Methods in Cellular Imaging
Multiphoton Excitation Fluorescence Microscopy
Two-photon absorption was theoretically predicted by Goppert-Mayer in 1931 and was experimentally observed for the first time in 1961 using a ruby laser as the light source. More recently, multiphoton (two- or three-photon) excitation microscopy has become common talk among scientists as a result of the contributions made by Watt Webb’s group (Denk, Strickler and Webb., Science 248: 73-76, 1990) from Cornell University. More importantly, the commercialization of multiphoton imaging systems by Bio-Rad has increased awareness and application of this technology in biomedical imaging. It should also be recognized that laser companies played a key roll in introducing a tunable (700-1100 nm) high-speed femtosecond infrared-pulsed laser system (Ti: sapphire) for multiphoton imaging. Moreover, the future will bring easier-to-use equipment and increased sensitivity, which will allow greater flexibility in the simultaneous imaging of multiple fluorophores while images are collected over time and at greater depths inside tissue.

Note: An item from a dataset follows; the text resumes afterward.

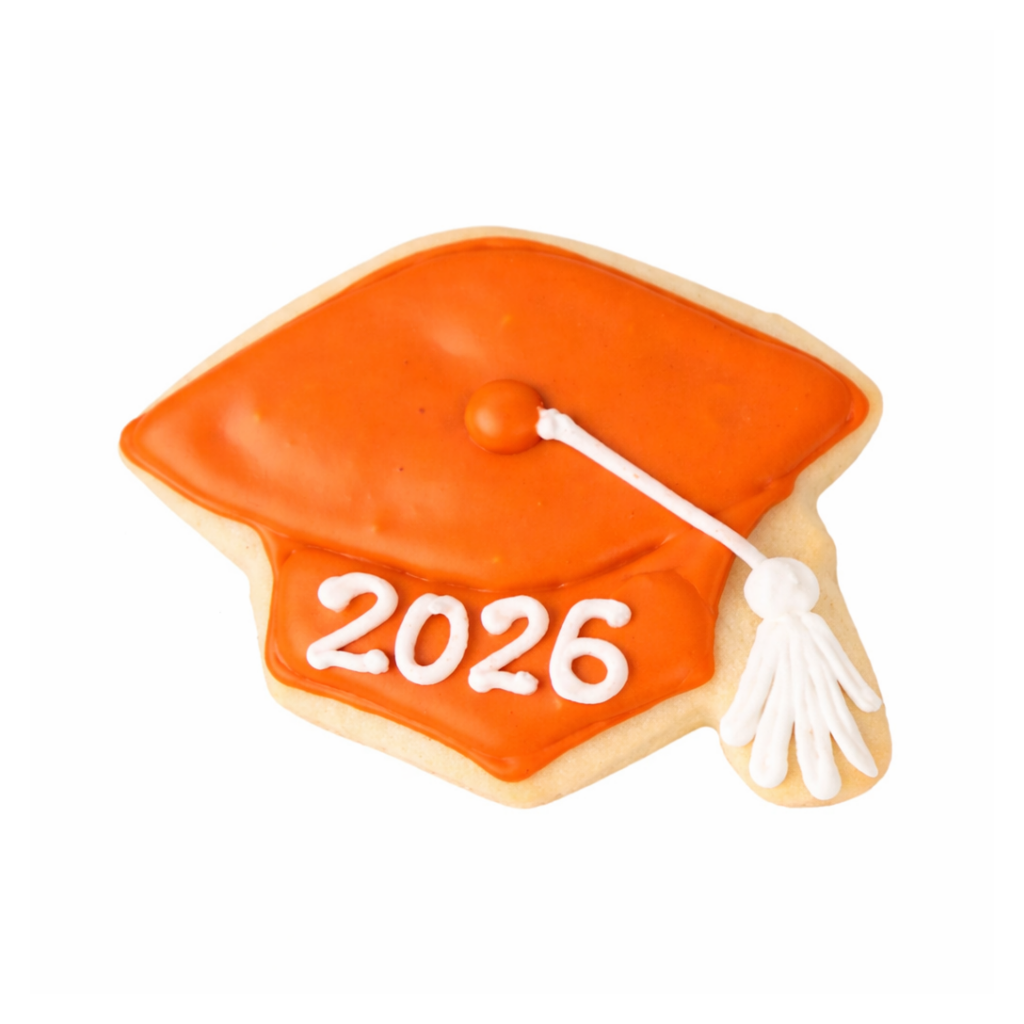 Graduation cap cookie with orange icing and 2026 text.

To describe the multiphoton process in brief, an infrared femtosecond pulsed laser is required to create multiphoton absorption in a biological sample. Multiphoton excitation occurs at only a single, diffraction-limited spot where the photon flux is great enough to allow absorption of more than one photon. For one-photon excitation, a wavelength of 480 nm CW (continuous wave) is selected for the FITC molecule, but for two-photon excitation, a single 960 nm wavelength from a Ti: sapphire pulsed laser is used. But for most of the fluorophore the two-photon absorption cross-section is blue shifted (for example: FITC could be excited using 780 or 920 nm). The multiphoton excitation microscopic images have better signal-to-noise compared to confocal images because of a considerably less amount of light scattering. In addition autofluorescence, and photobleaching are minimized because there is not absorption throughout the specimen due to illumination (for more details, see chapters 9-14).

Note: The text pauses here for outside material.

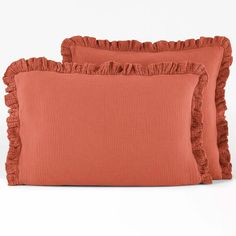 two orange pillows with ruffled edges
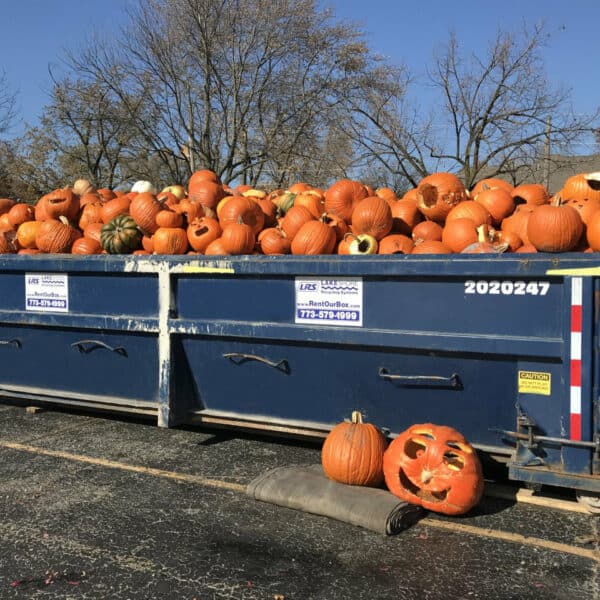 A garbage dumpster full of old Jack-o-lanterns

The basic principles of multiphoton absorption, absorption cross-section calculation, and demonstration of deep tissue imaging are described in Chapter 9. Chapter 9 also includes instructions on building a multiphoton system using a wide-field fluorescence microscope. Chapter 10 describes the conversion of an existing confocal system to a multiphoton system, and compares the one- and multiphoton microscopy systems. Chapter 11 addresses many aspects of multiphoton imaging including depth penetration for different wavelengths, Monte Carlo simulation demonstrating the excitation and emission, point spread functions at different depths, and the decrease in fluorescence signal with increase in excitation pulse width.
Chapter 12 focuses on the use of multiphoton microscopy in developmental biology. Additionally, Chapter 12 reviews the implementation of the multiphoton system to monitor the dynamic aspects of development of frog, sea urchin, and mammalian embryos, and the optimization of the fluorescent probes for labeling embryonic cells. Also described is the use of the two-photon system for photo uncaging for sea urchin embryogenesis. Chapter 13 describes an in situ measurement of the diffusion mobility of biologically relevant molecules using multiphoton fluorescence photobleaching recovery and fluorescence correlation spectroscopy (FCS) methods. The theory behind these two methods, instrumentation, data collection and comparison of this methodology with conventional FRAP techniques (Chapter 7) are provided. Chapter 14 focuses primarily on the interaction between excitation radiation and single living cells in laser microscopes. In particular, the influence of continuous wave ultraviolet (UV) and near infrared (NIR) microbeams, as well as that of femtosecond and picosecond NIR laser pulses on cellular metabolism, ultrastructure, and viability is described.